--- ACTION ITEM ---
Without copying any pictures, restate exactly the lines from the start of the records through the line containing "Foamiran glitter 2 mm, 20x30 cm, blue-2".

--- RECORDS Enclosed Below ---

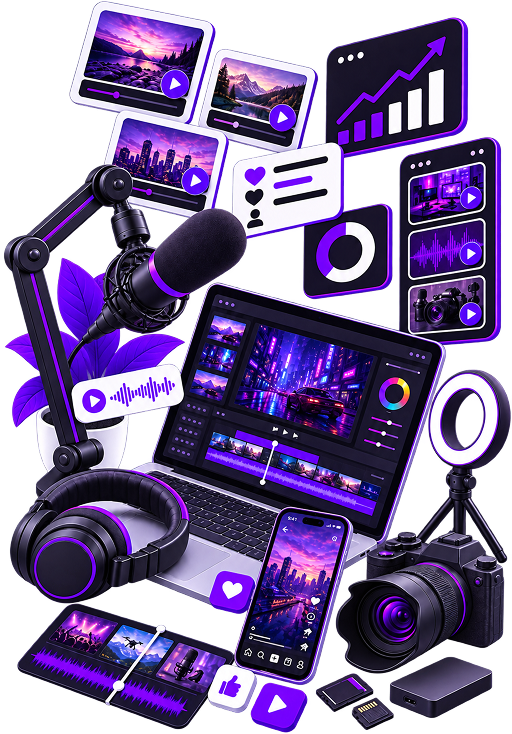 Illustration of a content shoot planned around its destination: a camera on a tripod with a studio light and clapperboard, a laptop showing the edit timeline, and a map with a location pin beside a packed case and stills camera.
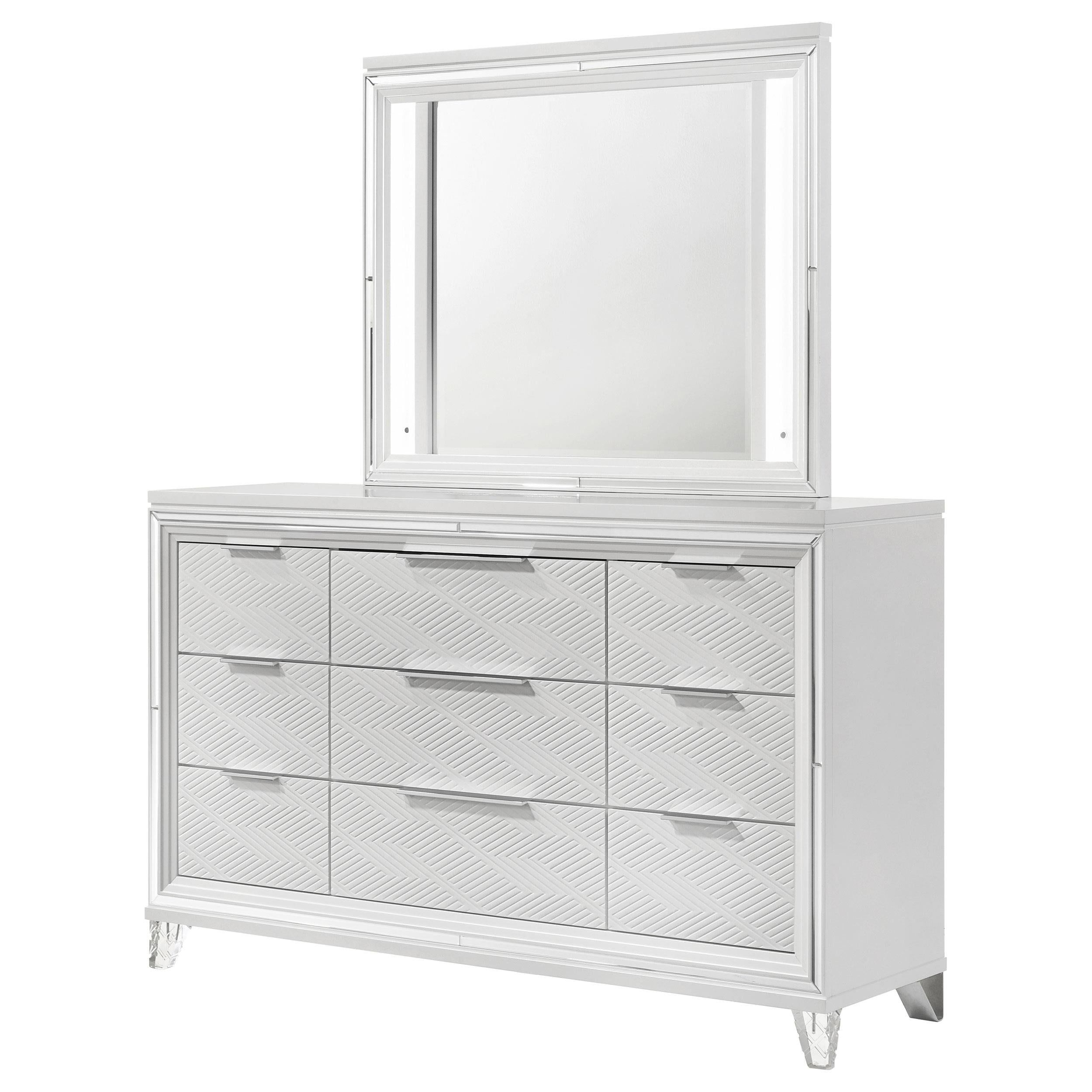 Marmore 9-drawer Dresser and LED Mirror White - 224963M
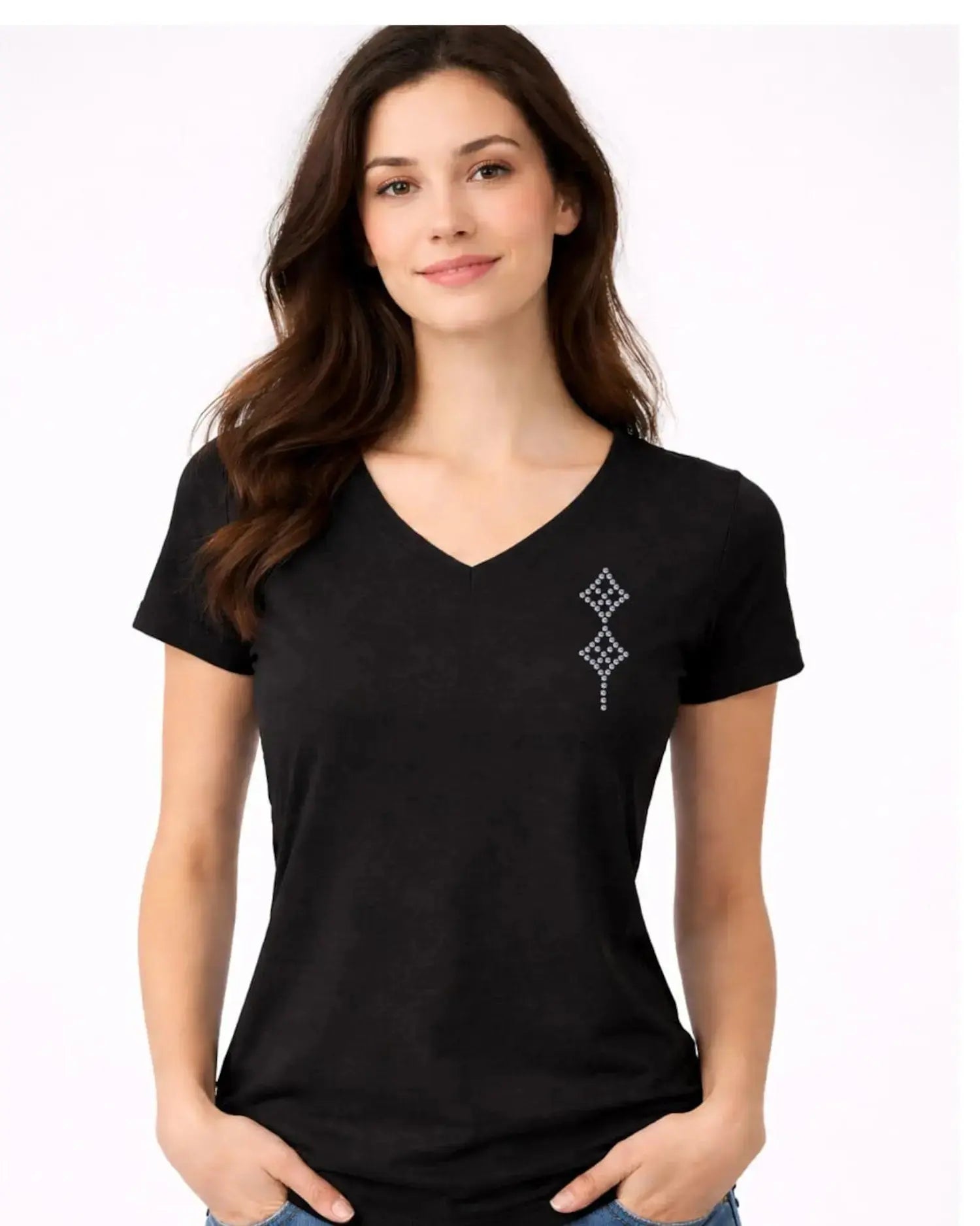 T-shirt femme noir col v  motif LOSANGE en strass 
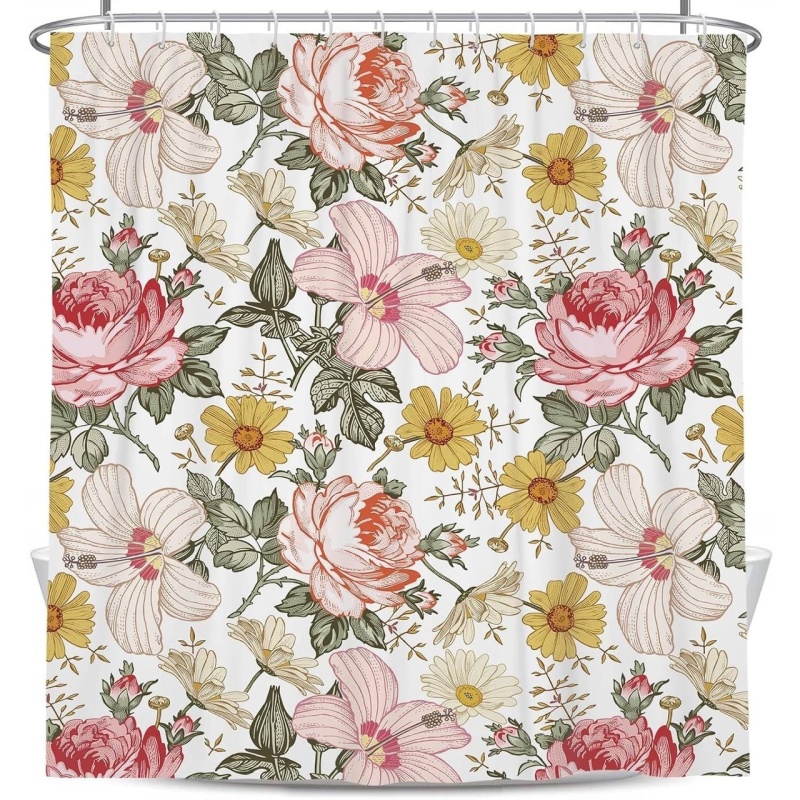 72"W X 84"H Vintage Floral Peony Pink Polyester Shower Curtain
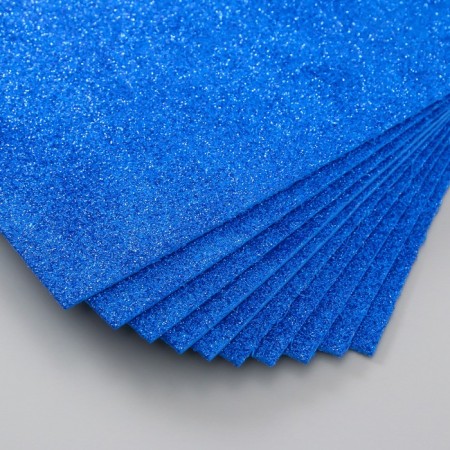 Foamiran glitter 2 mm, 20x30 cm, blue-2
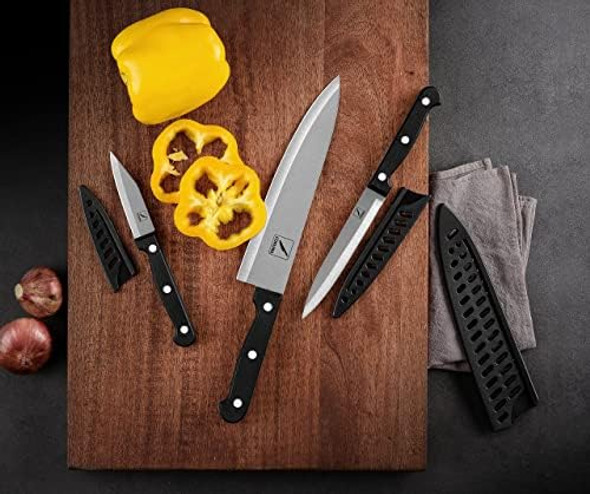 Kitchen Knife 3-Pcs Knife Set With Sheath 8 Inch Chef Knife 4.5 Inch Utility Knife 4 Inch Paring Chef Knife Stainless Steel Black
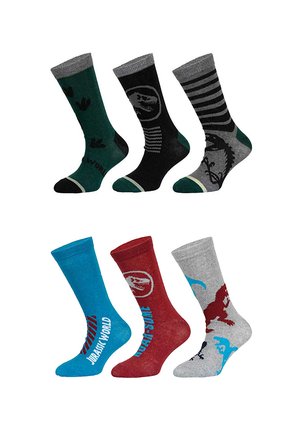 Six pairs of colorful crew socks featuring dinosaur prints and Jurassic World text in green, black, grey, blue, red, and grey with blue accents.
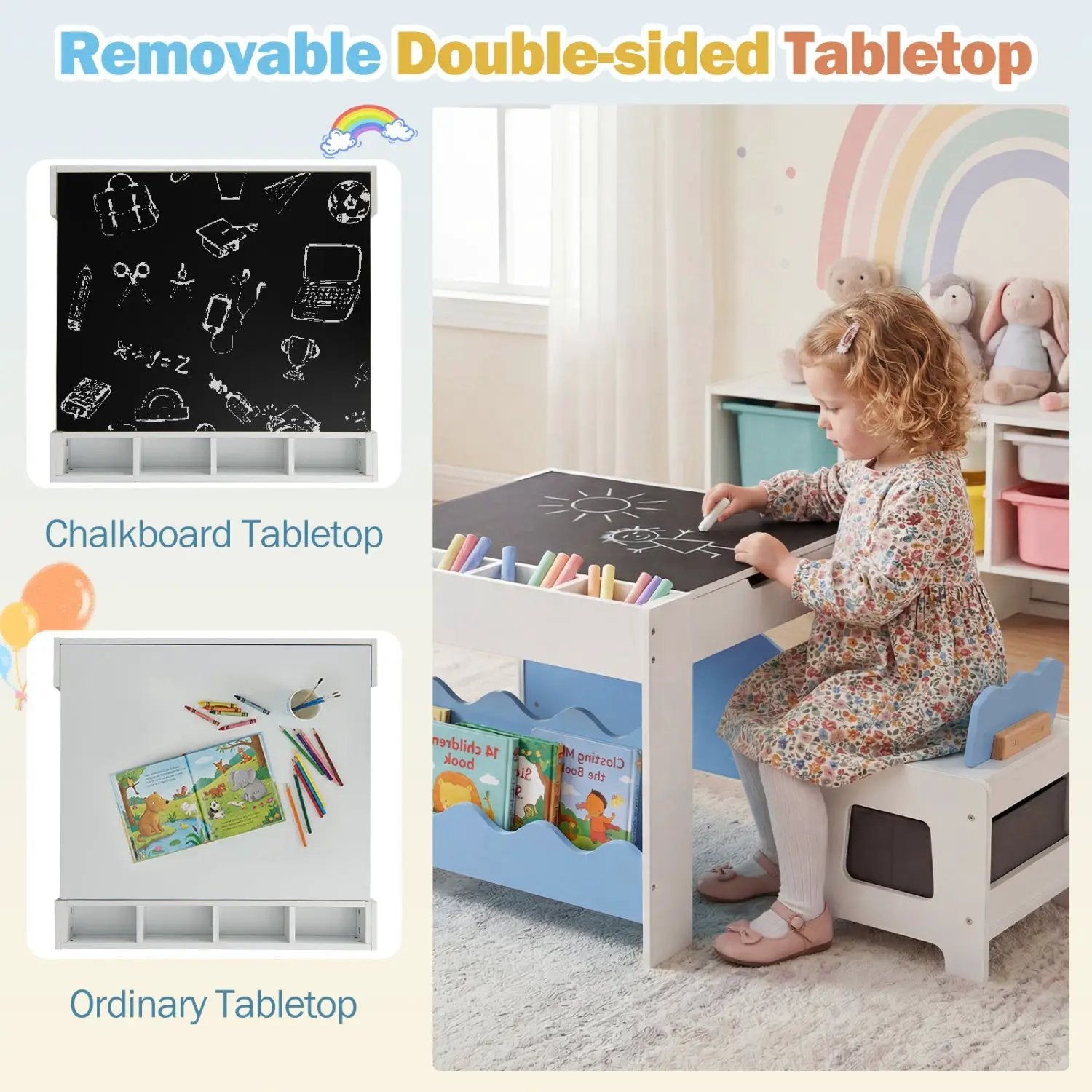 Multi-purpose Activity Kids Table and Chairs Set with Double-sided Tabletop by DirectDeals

--- End of Enclosed RECORDS ---

--- SOLUTION TO THIS EXERCISE ---
 Illustration of a content shoot planned around its destination: a camera on a tripod with a studio light and clapperboard, a laptop showing the edit timeline, and a map with a location pin beside a packed case and stills camera.
 Marmore 9-drawer Dresser and LED Mirror White - 224963M
 T-shirt femme noir col v  motif LOSANGE en strass 
 72"W X 84"H Vintage Floral Peony Pink Polyester Shower Curtain
 Foamiran glitter 2 mm, 20x30 cm, blue-2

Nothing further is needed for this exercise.